When I sit on my front porch I contemplate the wall of trees beyond the field of hay across the street. I am determined to learn how to render that intimidating wall of green foliage. My eye perceives the subtle nuances of form, color and value yet I have not been able to express those nuances well with either pencil, pen or paint.
I keep trying.
My current obsession is improving my ability to render with a fountain pen. I generally use my pen for a contour sketch that I follow with washes of watercolor. The process is enjoyable and I find the results quite satisfying. When drawing gets to be too much fun I generally try tackling something that will push me further and earn me further skills to reach a new level of painting and drawing that I find equally as enjoyable. Rendering in ink fills that criteria. I pulled a well-loved book from my shelf in hopes that it will suggest a new approach, a variation on what I have already tried and failed at when it comes to cross hatching.

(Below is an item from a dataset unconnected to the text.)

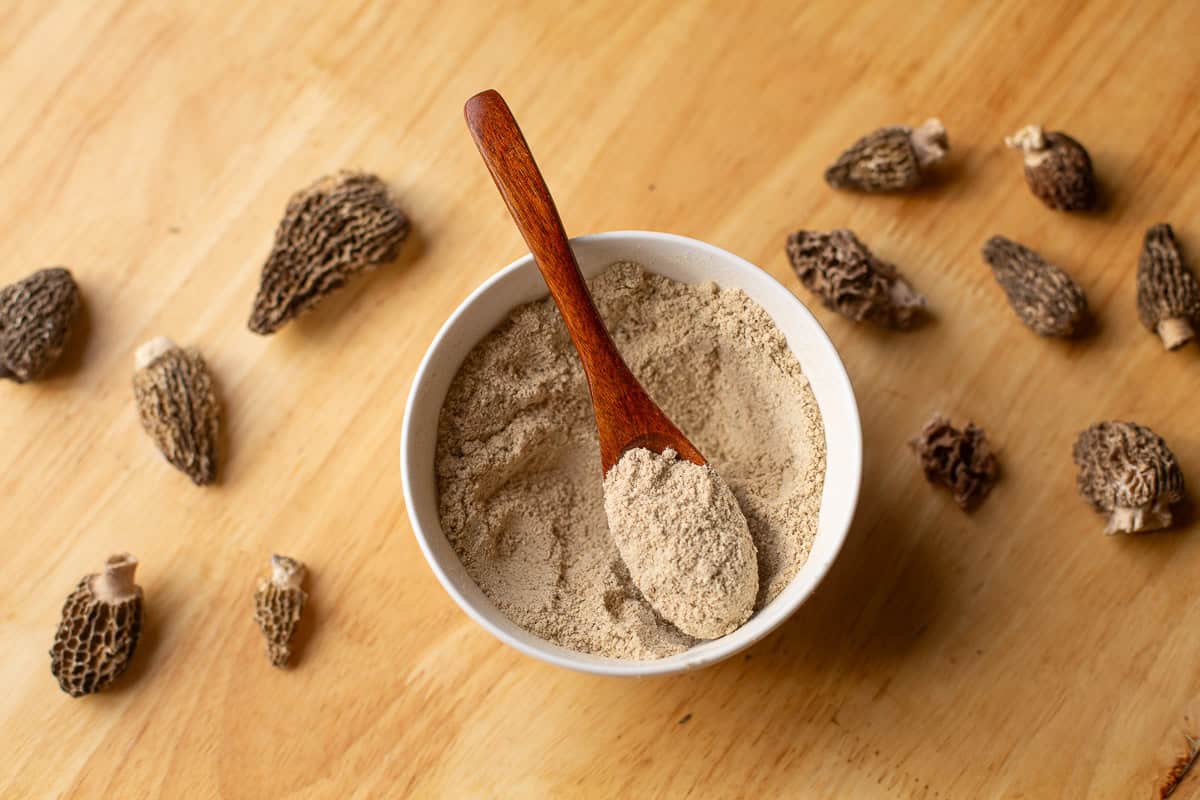 mushroom seasoning in a bowl with a wooden spoon and morel mushrooms scattered around it.
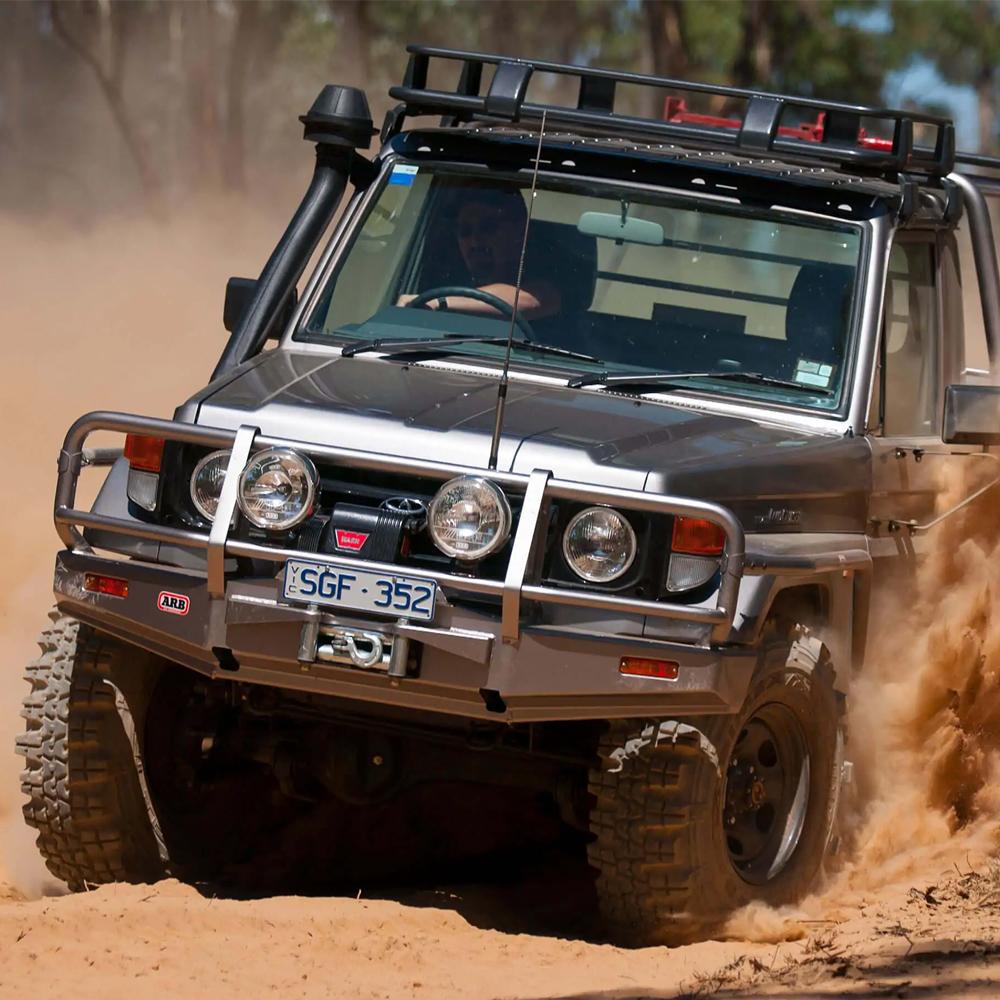 A Toyota Land Cruiser equipped with an ARB Steel Roof Rack Basket with Mesh Floor driving through a dusty area while showcasing its secure storage capabilities.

I often miss seeing the obvious solutions. My difficulty has been to show the delineation between trees while keeping the values close without outlining the edges of each tree. Zeichenschule fur Begabta Leute is a drawing book I picked up while living in Germany in 1969. It appears to have been written by Professor Gerhard Gollwitzer though the copyright is 1964 and belongs to Otto Maier Verlag Ravensburg. It was published in 1966.
In the book I found a drawing of a wall of trees. Gollwitzer did not cross hatch. Instead, he changed the direction of the lines he used with each tree mass. The first two attempts are shown above. On the top drawing you can see where I attempted to correct a shape by cross hatching, hoping it wouldn’t be obvious. Of course, it is. The cross hatched appears heavy and static to me whereas the trees in the other areas look as if their branches can easily dance in the wind, leaves fluttered by gentle breezes.
My second attempt takes the technique a tiny step further. I think this might work well for me.
Sketch lightly with pencil to indicate basic shape and position of trees. Inked using Noodler’s Fountain Pen filled with Noodler’s Whaleman Sepia.